### DATA IN THIS EXERCISE:
* * *

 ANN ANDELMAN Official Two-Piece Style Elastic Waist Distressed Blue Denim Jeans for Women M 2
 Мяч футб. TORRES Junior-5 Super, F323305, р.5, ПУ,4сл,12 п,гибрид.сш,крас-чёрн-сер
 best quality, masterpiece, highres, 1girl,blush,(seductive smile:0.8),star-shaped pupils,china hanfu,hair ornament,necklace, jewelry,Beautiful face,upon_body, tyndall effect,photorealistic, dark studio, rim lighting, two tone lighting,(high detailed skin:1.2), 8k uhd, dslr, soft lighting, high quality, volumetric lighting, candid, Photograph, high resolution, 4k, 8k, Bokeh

* * *

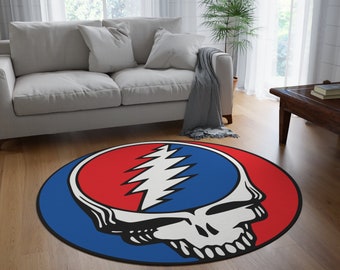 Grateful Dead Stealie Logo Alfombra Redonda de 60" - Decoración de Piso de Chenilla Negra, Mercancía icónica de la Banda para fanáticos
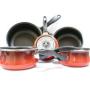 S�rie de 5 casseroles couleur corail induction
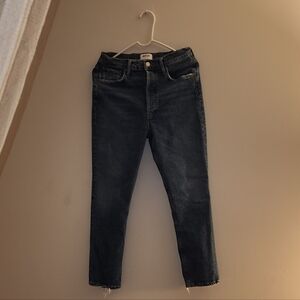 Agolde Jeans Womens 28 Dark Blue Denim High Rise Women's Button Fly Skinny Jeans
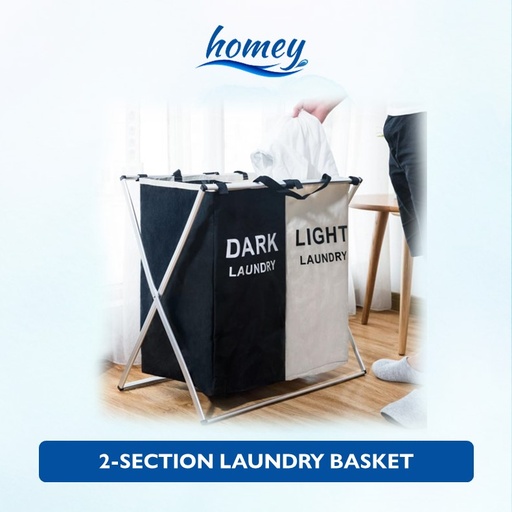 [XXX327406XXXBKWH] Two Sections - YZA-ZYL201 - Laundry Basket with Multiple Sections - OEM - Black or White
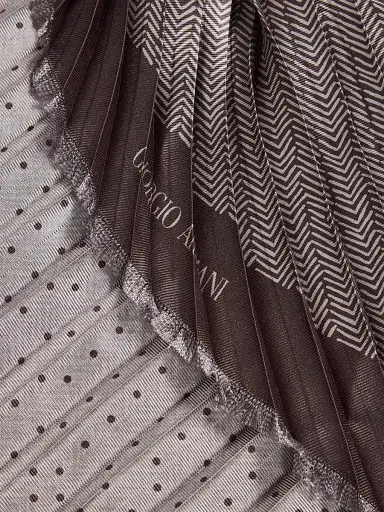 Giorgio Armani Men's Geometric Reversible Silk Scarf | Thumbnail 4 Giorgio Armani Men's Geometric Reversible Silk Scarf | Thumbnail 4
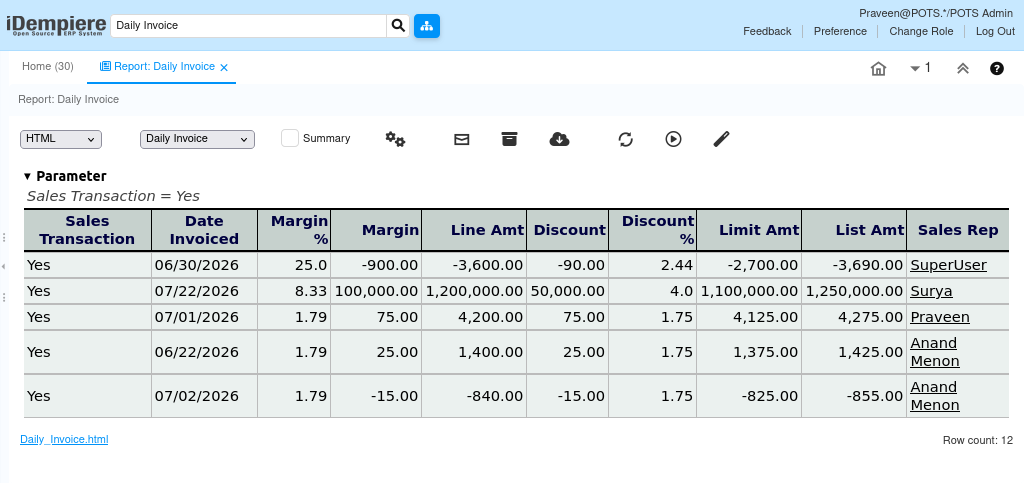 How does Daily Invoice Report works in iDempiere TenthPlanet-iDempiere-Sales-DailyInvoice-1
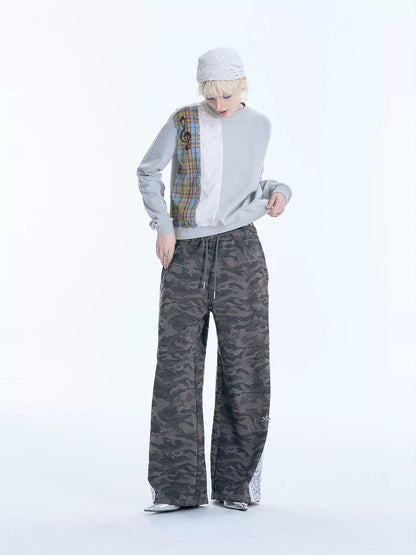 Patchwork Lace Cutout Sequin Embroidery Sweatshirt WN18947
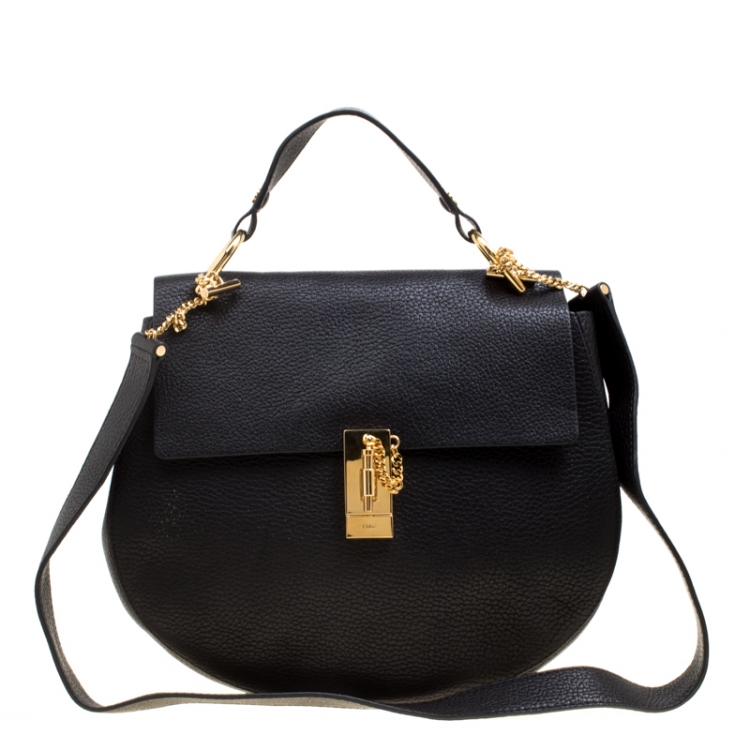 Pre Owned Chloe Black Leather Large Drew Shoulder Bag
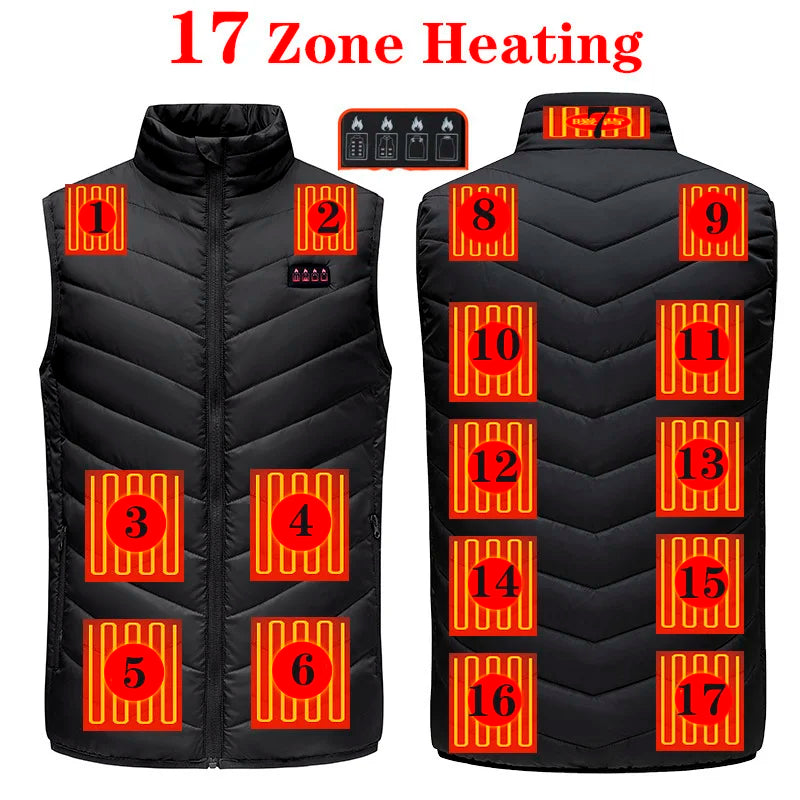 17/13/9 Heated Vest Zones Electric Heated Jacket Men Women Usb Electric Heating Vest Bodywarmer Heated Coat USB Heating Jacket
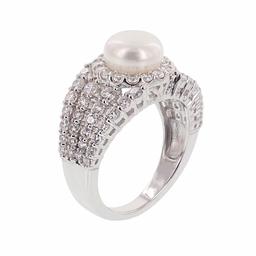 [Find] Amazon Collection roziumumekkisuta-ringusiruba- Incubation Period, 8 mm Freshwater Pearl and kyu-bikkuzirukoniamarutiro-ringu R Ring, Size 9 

* * *

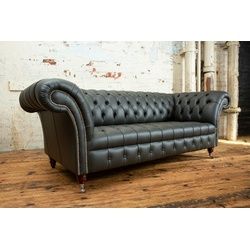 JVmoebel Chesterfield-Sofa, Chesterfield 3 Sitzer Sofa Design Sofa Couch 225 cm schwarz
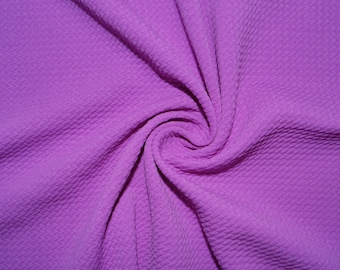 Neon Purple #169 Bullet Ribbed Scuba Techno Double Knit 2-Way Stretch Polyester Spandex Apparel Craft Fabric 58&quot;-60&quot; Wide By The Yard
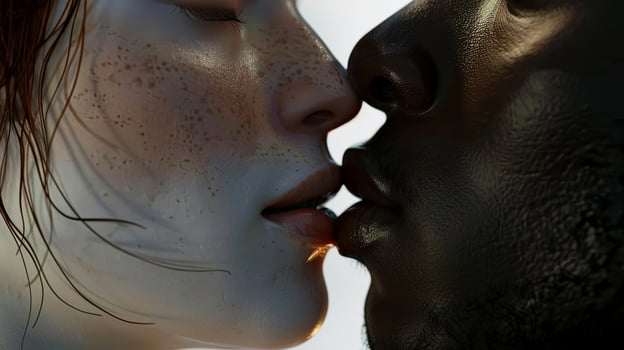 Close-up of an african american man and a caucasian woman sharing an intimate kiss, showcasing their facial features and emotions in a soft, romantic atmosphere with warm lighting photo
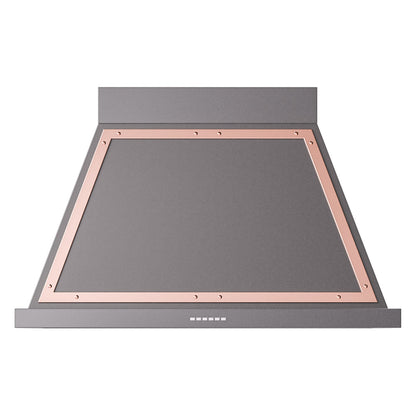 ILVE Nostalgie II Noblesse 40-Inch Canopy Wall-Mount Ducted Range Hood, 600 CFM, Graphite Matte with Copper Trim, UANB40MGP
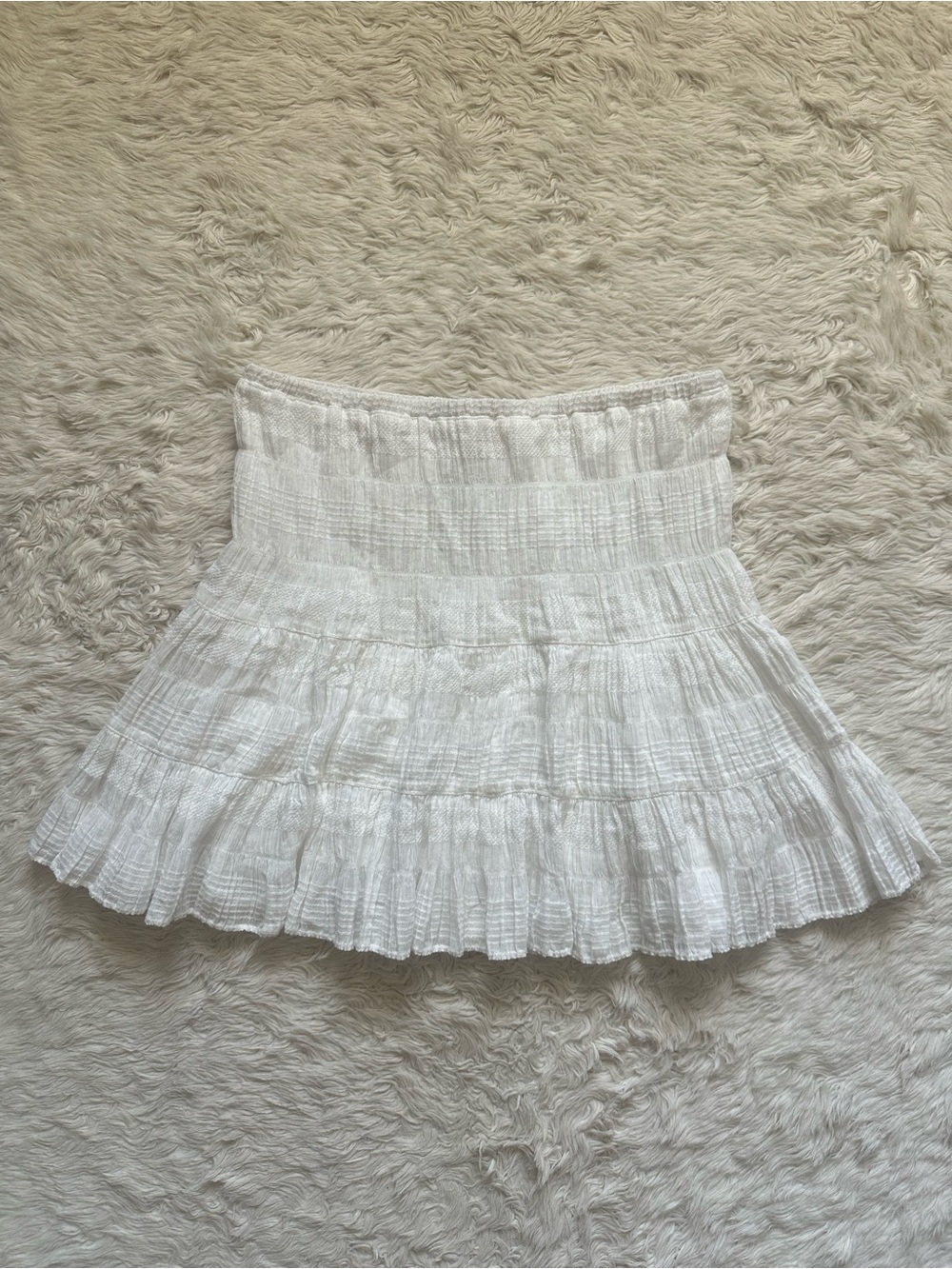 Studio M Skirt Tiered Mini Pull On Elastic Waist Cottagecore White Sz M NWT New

* * *

### PROBLEM DETAILS:
Once the line with "Thumbnail 4 Giorgio" is found above, transcribe each line from it through the line with "[Find] Amazon Collection", exactly, and omit the pictures.

### RESULT:
 Giorgio Armani Men's Geometric Reversible Silk Scarf | Thumbnail 4 Giorgio Armani Men's Geometric Reversible Silk Scarf | Thumbnail 4
 How does Daily Invoice Report works in iDempiere TenthPlanet-iDempiere-Sales-DailyInvoice-1
 Patchwork Lace Cutout Sequin Embroidery Sweatshirt WN18947
 Pre Owned Chloe Black Leather Large Drew Shoulder Bag
 17/13/9 Heated Vest Zones Electric Heated Jacket Men Women Usb Electric Heating Vest Bodywarmer Heated Coat USB Heating Jacket
 [Find] Amazon Collection roziumumekkisuta-ringusiruba- Incubation Period, 8 mm Freshwater Pearl and kyu-bikkuzirukoniamarutiro-ringu R Ring, Size 9 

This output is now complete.